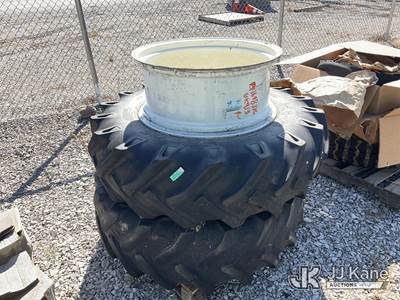 (2) 14.9-28 Tires & (3) Rims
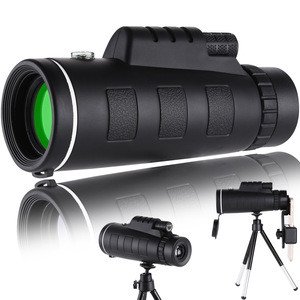 Telescopio de teléfono móvil para exteriores de alta potencia <span class=keywords><strong>40X60</strong></span> de alta definición Monocular de visión nocturna de plástico de 50mm para condiciones de poca luz - Product Image 1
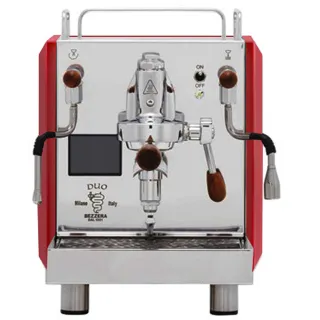 【BEZZERA】貝澤拉R Duo MN 雙鍋半自動咖啡機 - 手控版110V紅色(HG1081RD)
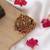 Royal rani & green color temple hair barrette with traditional temple artwork
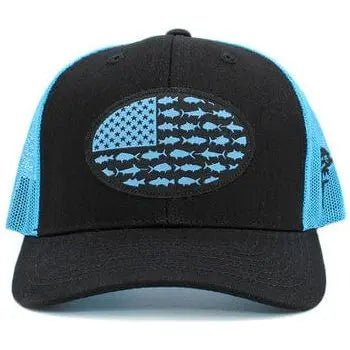 Usa fish flag mesh back ballcap - LECCE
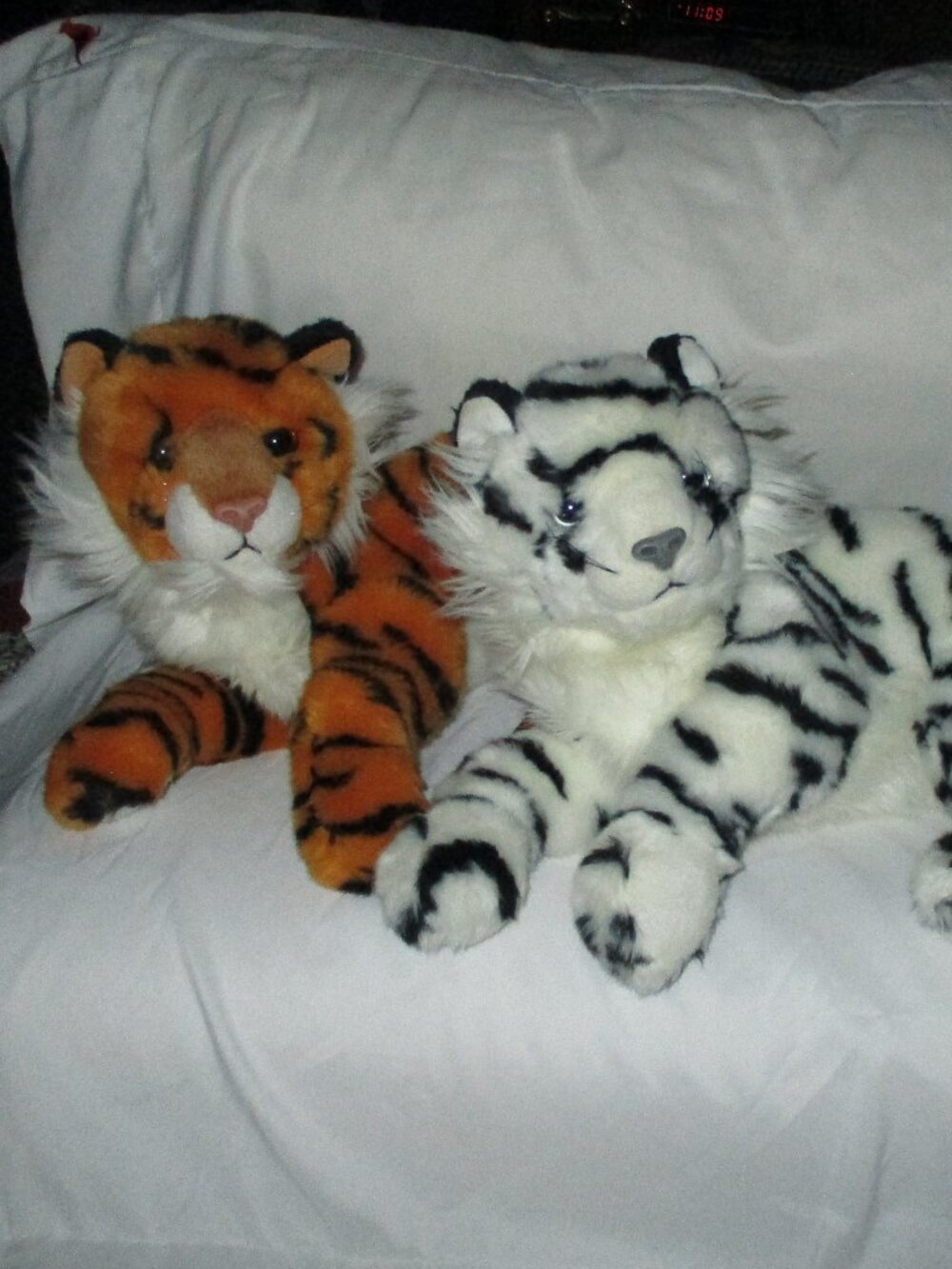 Ty RAJ the White Tiger & Pinsripes Plush Classic 2006 2007
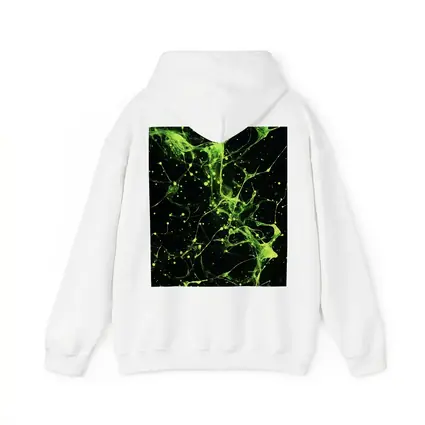 Neon Green Neural Network Dark Background Abstract
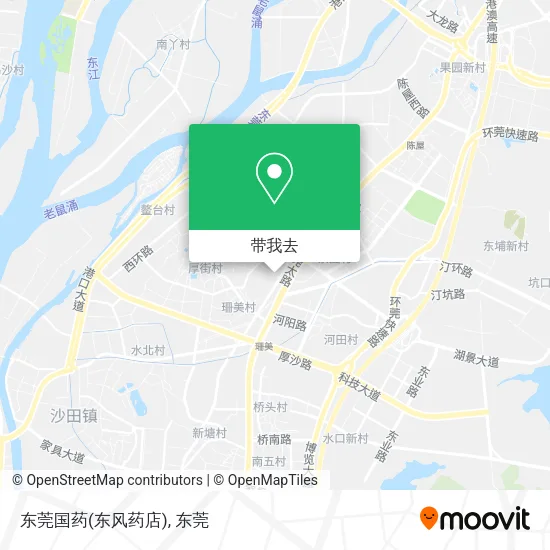 东莞国药(东风药店)地图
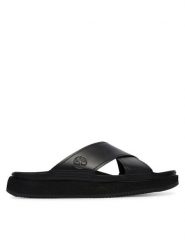 Timberland Klapki TB0A2M17W021 Czarny. Czarne klapki męskie Timberland, ze skóry. Za 499.99 zł.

-.-.-

The response should repeat every entry above exactly and include none of the pictures.

Written response —
 (2) 14.9-28 Tires & (3) Rims
 Telescopio de teléfono móvil para exteriores de alta potencia <span class=keywords><strong>40X60</strong></span> de alta definición Monocular de visión nocturna de plástico de 50mm para condiciones de poca luz - Product Image 1
 【BEZZERA】貝澤拉R Duo MN 雙鍋半自動咖啡機 - 手控版110V紅色(HG1081RD)
 Royal rani & green color temple hair barrette with traditional temple artwork
 Usa fish flag mesh back ballcap - LECCE
 Ty RAJ the White Tiger & Pinsripes Plush Classic 2006 2007
 Neon Green Neural Network Dark Background Abstract
 东莞国药(东风药店)地图
 Timberland Klapki TB0A2M17W021 Czarny. Czarne klapki męskie Timberland, ze skóry. Za 499.99 zł.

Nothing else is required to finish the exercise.